* _Try it_
The listing below should be written out again word for word, please.
——
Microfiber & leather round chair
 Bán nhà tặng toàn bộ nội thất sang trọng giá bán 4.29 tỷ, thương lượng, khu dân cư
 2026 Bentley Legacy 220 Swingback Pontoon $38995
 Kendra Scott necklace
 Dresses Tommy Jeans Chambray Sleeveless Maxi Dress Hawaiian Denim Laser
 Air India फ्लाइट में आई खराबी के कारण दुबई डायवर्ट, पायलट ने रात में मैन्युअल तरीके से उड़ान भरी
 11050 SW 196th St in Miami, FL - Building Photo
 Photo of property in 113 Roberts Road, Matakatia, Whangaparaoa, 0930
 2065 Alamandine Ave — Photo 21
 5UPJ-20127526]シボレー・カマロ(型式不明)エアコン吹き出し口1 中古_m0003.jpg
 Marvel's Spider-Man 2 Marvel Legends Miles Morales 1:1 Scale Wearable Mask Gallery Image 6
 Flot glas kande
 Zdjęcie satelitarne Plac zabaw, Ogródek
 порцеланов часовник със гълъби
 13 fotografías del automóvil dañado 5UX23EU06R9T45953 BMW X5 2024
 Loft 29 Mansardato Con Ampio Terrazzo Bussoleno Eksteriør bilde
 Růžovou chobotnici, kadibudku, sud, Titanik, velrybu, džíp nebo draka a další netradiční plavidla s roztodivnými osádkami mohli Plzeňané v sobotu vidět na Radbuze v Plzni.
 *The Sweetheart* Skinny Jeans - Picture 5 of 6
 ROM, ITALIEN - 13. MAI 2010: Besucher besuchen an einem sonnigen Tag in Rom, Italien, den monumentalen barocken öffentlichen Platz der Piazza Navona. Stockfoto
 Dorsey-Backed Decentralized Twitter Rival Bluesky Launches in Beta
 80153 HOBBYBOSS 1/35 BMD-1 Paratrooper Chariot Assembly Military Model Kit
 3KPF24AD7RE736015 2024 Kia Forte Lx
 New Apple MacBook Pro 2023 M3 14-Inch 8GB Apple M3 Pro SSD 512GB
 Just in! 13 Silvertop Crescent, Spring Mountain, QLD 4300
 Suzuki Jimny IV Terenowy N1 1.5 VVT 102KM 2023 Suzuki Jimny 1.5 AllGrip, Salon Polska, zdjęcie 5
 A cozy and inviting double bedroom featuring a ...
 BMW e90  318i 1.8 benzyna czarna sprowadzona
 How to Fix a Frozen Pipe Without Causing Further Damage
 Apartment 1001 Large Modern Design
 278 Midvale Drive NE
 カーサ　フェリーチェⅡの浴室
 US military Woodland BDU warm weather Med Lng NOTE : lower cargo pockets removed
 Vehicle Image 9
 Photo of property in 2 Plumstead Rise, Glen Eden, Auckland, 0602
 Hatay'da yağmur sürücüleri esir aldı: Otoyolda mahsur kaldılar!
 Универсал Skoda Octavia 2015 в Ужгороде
——
* _Solution to this problem_
Microfiber & leather round chair
 Bán nhà tặng toàn bộ nội thất sang trọng giá bán 4.29 tỷ, thương lượng, khu dân cư
 2026 Bentley Legacy 220 Swingback Pontoon $38995
 Kendra Scott necklace
 Dresses Tommy Jeans Chambray Sleeveless Maxi Dress Hawaiian Denim Laser
 Air India फ्लाइट में आई खराबी के कारण दुबई डायवर्ट, पायलट ने रात में मैन्युअल तरीके से उड़ान भरी
 11050 SW 196th St in Miami, FL - Building Photo
 Photo of property in 113 Roberts Road, Matakatia, Whangaparaoa, 0930
 2065 Alamandine Ave — Photo 21
 5UPJ-20127526]シボレー・カマロ(型式不明)エアコン吹き出し口1 中古_m0003.jpg
 Marvel's Spider-Man 2 Marvel Legends Miles Morales 1:1 Scale Wearable Mask Gallery Image 6
 Flot glas kande
 Zdjęcie satelitarne Plac zabaw, Ogródek
 порцеланов часовник със гълъби
 13 fotografías del automóvil dañado 5UX23EU06R9T45953 BMW X5 2024
 Loft 29 Mansardato Con Ampio Terrazzo Bussoleno Eksteriør bilde
 Růžovou chobotnici, kadibudku, sud, Titanik, velrybu, džíp nebo draka a další netradiční plavidla s roztodivnými osádkami mohli Plzeňané v sobotu vidět na Radbuze v Plzni.
 *The Sweetheart* Skinny Jeans - Picture 5 of 6
 ROM, ITALIEN - 13. MAI 2010: Besucher besuchen an einem sonnigen Tag in Rom, Italien, den monumentalen barocken öffentlichen Platz der Piazza Navona. Stockfoto
 Dorsey-Backed Decentralized Twitter Rival Bluesky Launches in Beta
 80153 HOBBYBOSS 1/35 BMD-1 Paratrooper Chariot Assembly Military Model Kit
 3KPF24AD7RE736015 2024 Kia Forte Lx
 New Apple MacBook Pro 2023 M3 14-Inch 8GB Apple M3 Pro SSD 512GB
 Just in! 13 Silvertop Crescent, Spring Mountain, QLD 4300
 Suzuki Jimny IV Terenowy N1 1.5 VVT 102KM 2023 Suzuki Jimny 1.5 AllGrip, Salon Polska, zdjęcie 5
 A cozy and inviting double bedroom featuring a ...
 BMW e90  318i 1.8 benzyna czarna sprowadzona
 How to Fix a Frozen Pipe Without Causing Further Damage
 Apartment 1001 Large Modern Design
 278 Midvale Drive NE
 カーサ　フェリーチェⅡの浴室
 US military Woodland BDU warm weather Med Lng NOTE : lower cargo pockets removed
 Vehicle Image 9
 Photo of property in 2 Plumstead Rise, Glen Eden, Auckland, 0602
 Hatay'da yağmur sürücüleri esir aldı: Otoyolda mahsur kaldılar!
 Универсал Skoda Octavia 2015 в Ужгороде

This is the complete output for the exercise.